### [EXERCISE REQUIREMENTS]
Set down the full listing below word for word; pictures stay out of the copy.

THE DATA START

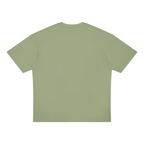 Jubilore "PA" Unisex Oversized Drop Shoulder T-Shirt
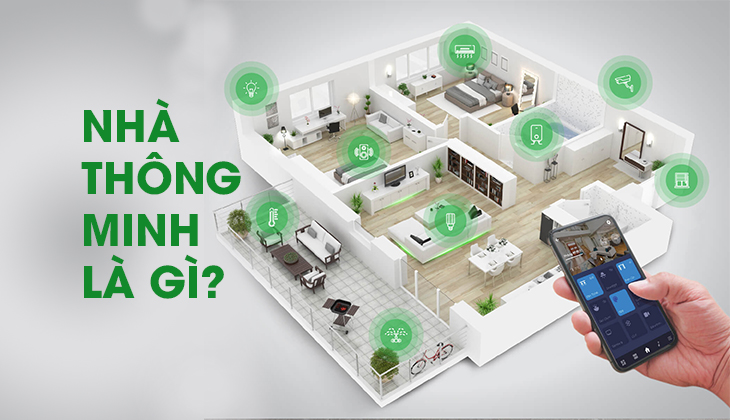 Trường Thịnh Telecom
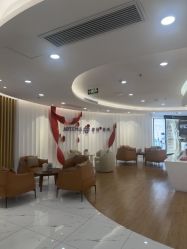 -澳玛·星光医疗美容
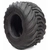 Шина с/х 400/60-15.5 Flotation King 16 сл 146A8 Tubeless (SpeedWays)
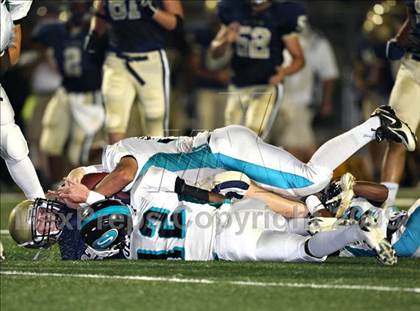Thumbnail 3 in Sheldon @ Elk Grove photogallery.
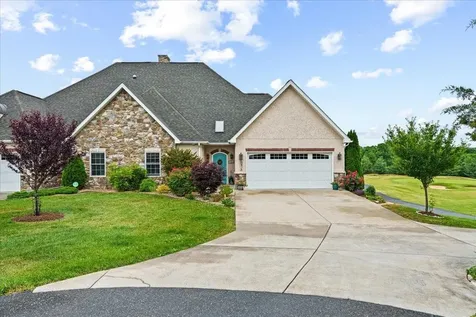 1678 Sherry Lane Harrisonburg VA 22801
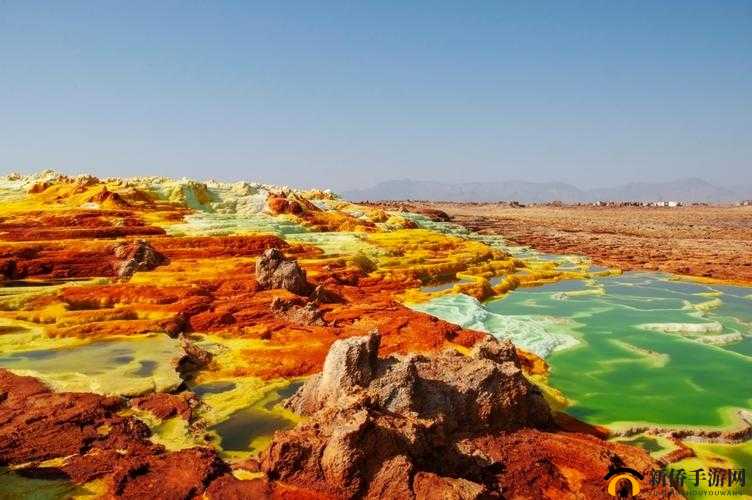 18MAY19-XXXXXL56-9 相关重要信息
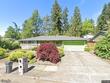 14325 sw wilson dr, beaverton,  OR 97008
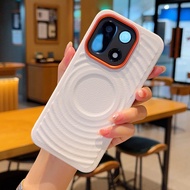 For One plus 15 13 13T 13R 13S Case Luxury leather covered protective back cover For One plus Ace6 A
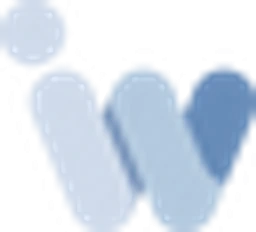 InfiniWell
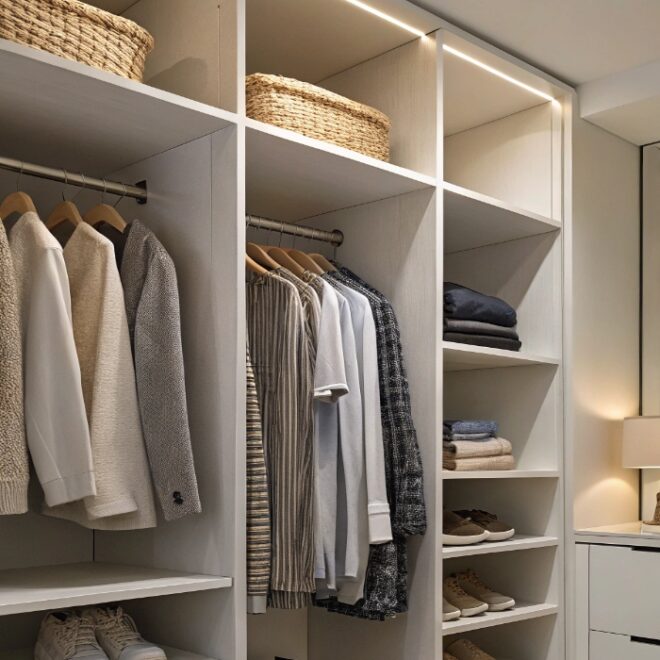 14 IKEA Billy Hacks That Upgrade Your Home Instantly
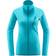 Haglöfs L.I.M Mid Jacket Women - Maui Blue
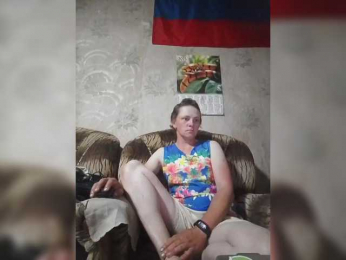 Calibriya webcam model stream image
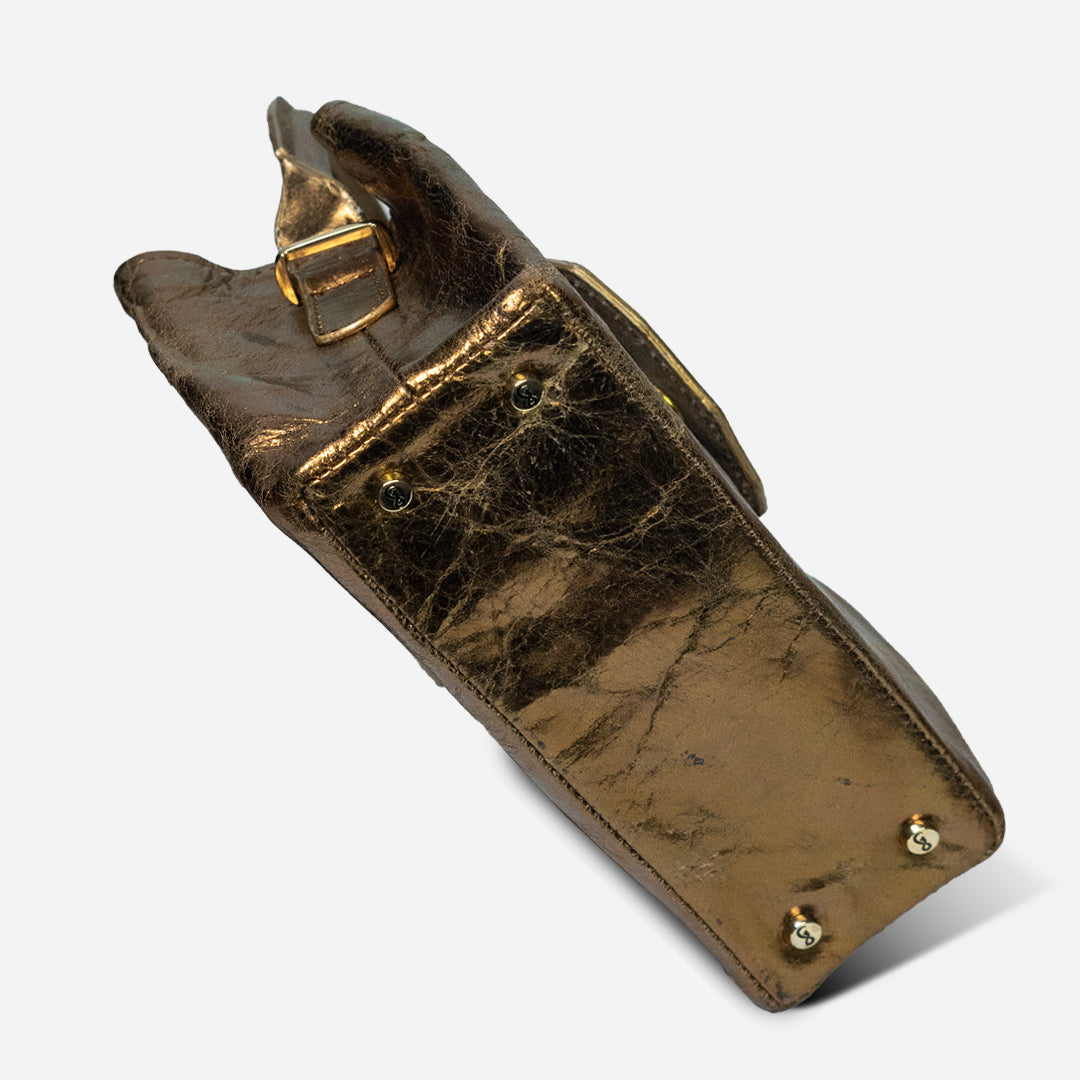 Bolso "Suki" - Chrysos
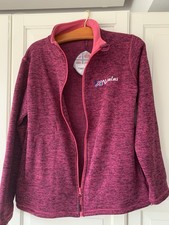 Nebulus fleecejacke jacke - nebulus,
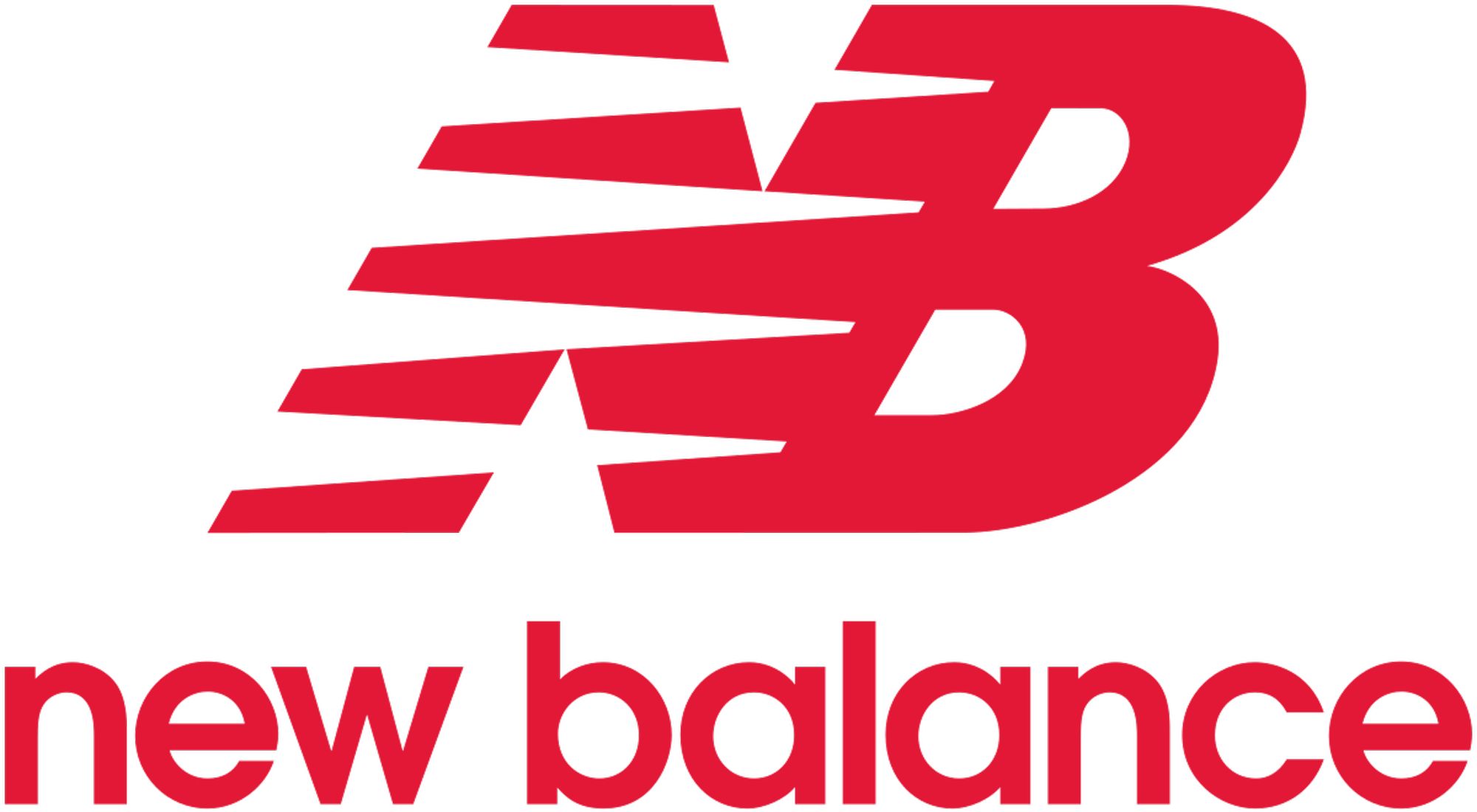 logo enfant new balance.jpg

THE DATA END

### [ANSWER TO THIS TASK]
 Jubilore "PA" Unisex Oversized Drop Shoulder T-Shirt
 Trường Thịnh Telecom
 -澳玛·星光医疗美容
 Шина с/х 400/60-15.5 Flotation King 16 сл 146A8 Tubeless (SpeedWays)
Thumbnail 3 in Sheldon @ Elk Grove photogallery.
 1678 Sherry Lane Harrisonburg VA 22801
 18MAY19-XXXXXL56-9 相关重要信息
 14325 sw wilson dr, beaverton,  OR 97008
 For One plus 15 13 13T 13R 13S Case Luxury leather covered protective back cover For One plus Ace6 A
 InfiniWell
 14 IKEA Billy Hacks That Upgrade Your Home Instantly
 Haglöfs L.I.M Mid Jacket Women - Maui Blue
 Calibriya webcam model stream image
 Bolso "Suki" - Chrysos
 Nebulus fleecejacke jacke - nebulus,
 logo enfant new balance.jpg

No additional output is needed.